# Feature Engineering
According to the results obtained during the exploratory data analysis performed, the dataset is manipulated in order to keep only those features that may be useful for the intended purpose.

The next features are removed from the dataset:
- FarmID
- State
- District
- Sub-District
- HDate
- CNext
- ExpYield
- geometry
- CHeight

In [91]:
import pandas as pd
import numpy as np
from sklearn.preprocessing import LabelEncoder
from sklearn.preprocessing import StandardScaler

In [92]:
df=pd.read_csv('../data/Train.csv')
df.drop(columns=['FarmID','State','District','Sub-District','HDate','CNext','ExpYield','geometry','CHeight'],inplace=True)

The SDate is manipulated to keep only the month data:

In [93]:
df['SMonth']=df['SDate'].map(lambda x:x[-7:-5])
df.drop(columns='SDate',inplace=True)

The categorical variables are converted to numerical through the label-enconding technique.
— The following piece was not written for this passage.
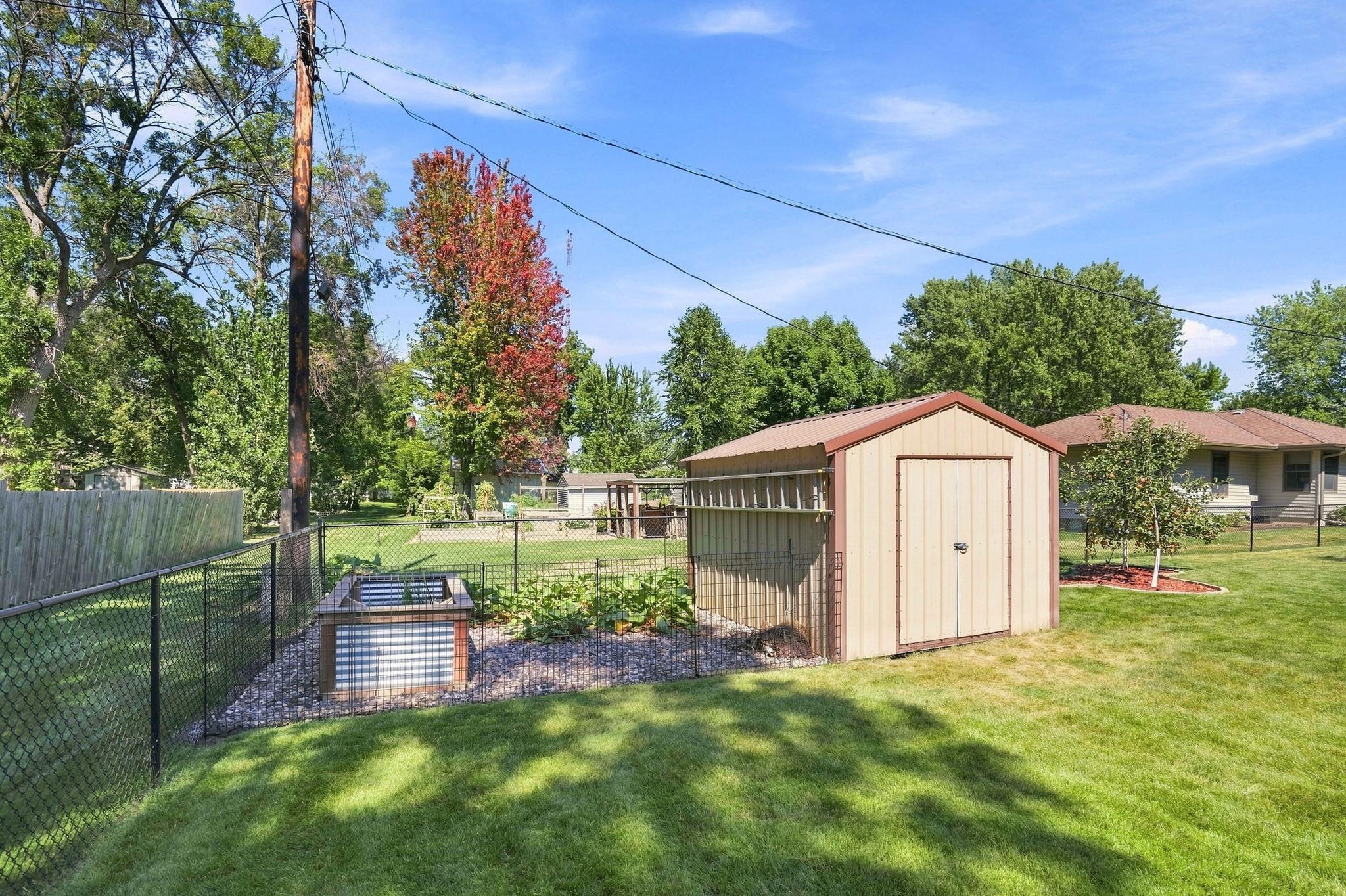 main property photo 47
This is chosen for simplicity but it is important to take into account that this is better suited for ordinal variables which is not the case.

In [94]:
label_encoder1=LabelEncoder()
label_encoder2=LabelEncoder()
label_encoder3=LabelEncoder()
label_encoder4=LabelEncoder()
label_encoder5=LabelEncoder()
label_encoder6=LabelEncoder()
label_encoder7=LabelEncoder()
df['y']=label_encoder1.fit_transform(df.category.values)
df['crop']=label_encoder2.fit_transform(df.Crop.values)
df['clast']=label_encoder3.fit_transform(df.CLast.values)
df['ctransp']=label_encoder4.fit_transform(df.CTransp.values)
df['irritype']=label_encoder5.fit_transform(df.IrriType.values)
df['irrisource']=label_encoder6.fit_transform(df.IrriSource.values)
df['season']=label_encoder7.fit_transform(df.Season.values)
df.drop(columns=['category', 'Crop','CLast','CTransp', 'IrriType','IrriSource','Season'],inplace=True)
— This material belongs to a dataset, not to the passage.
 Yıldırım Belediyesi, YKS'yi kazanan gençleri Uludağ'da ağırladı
On the other hand, numerical variables are scaled as follows:

In [95]:
scaler1 = StandardScaler()
scaler2 = StandardScaler()
df['crop_covered_area']=scaler1.fit_transform(pd.DataFrame(df.CropCoveredArea))
df['water_cov']=scaler2.fit_transform(pd.DataFrame(df.WaterCov))
df.drop(columns=['CropCoveredArea','WaterCov'],inplace=True)
df.sort_index(axis='columns',inplace=True)
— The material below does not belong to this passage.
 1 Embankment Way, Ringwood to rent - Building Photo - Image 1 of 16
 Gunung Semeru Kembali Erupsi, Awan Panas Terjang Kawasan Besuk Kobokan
The dataset ready for the first training is:

In [96]:
df.to_csv('../data/train1.csv',index=False)

## Test Data Preparation

In [97]:
df_test=pd.read_csv('../data/Test.csv')
# Not used columns
df_test.drop(columns=['FarmID','State','District','Sub-District','HDate','CNext','ExpYield','geometry','CHeight'],inplace=True)
# Date to Month
df_test['SMonth']=df_test['SDate'].map(lambda x:x[-7:-5])
df_test.drop(columns='SDate',inplace=True)
# Label Encoding
df_test['crop']=label_encoder2.transform(df_test.Crop.values)
df_test['clast']=label_encoder3.transform(df_test.CLast.values)
df_test['ctransp']=label_encoder4.transform(df_test.CTransp.values)
df_test['irritype']=label_encoder5.transform(df_test.IrriType.values)
df_test['irrisource']=label_encoder6.transform(df_test.IrriSource.values)
df_test['season']=label_encoder7.transform(df_test.Season.values)
df_test.drop(columns=['Crop','CLast','CTransp', 'IrriType','IrriSource','Season'],inplace=True)
# Scaling
df_test['crop_covered_area']=scaler1.transform(pd.DataFrame(df_test.CropCoveredArea))
df_test['water_cov']=scaler2.transform(pd.DataFrame(df_test.WaterCov))
df_test.drop(columns=['CropCoveredArea','WaterCov'],inplace=True)
# Sorting columns
df_test.sort_index(axis='columns',inplace=True)

Export it

In [105]:
print(label_encoder1.classes_)
print(label_encoder1.transform(label_encoder1.classes_))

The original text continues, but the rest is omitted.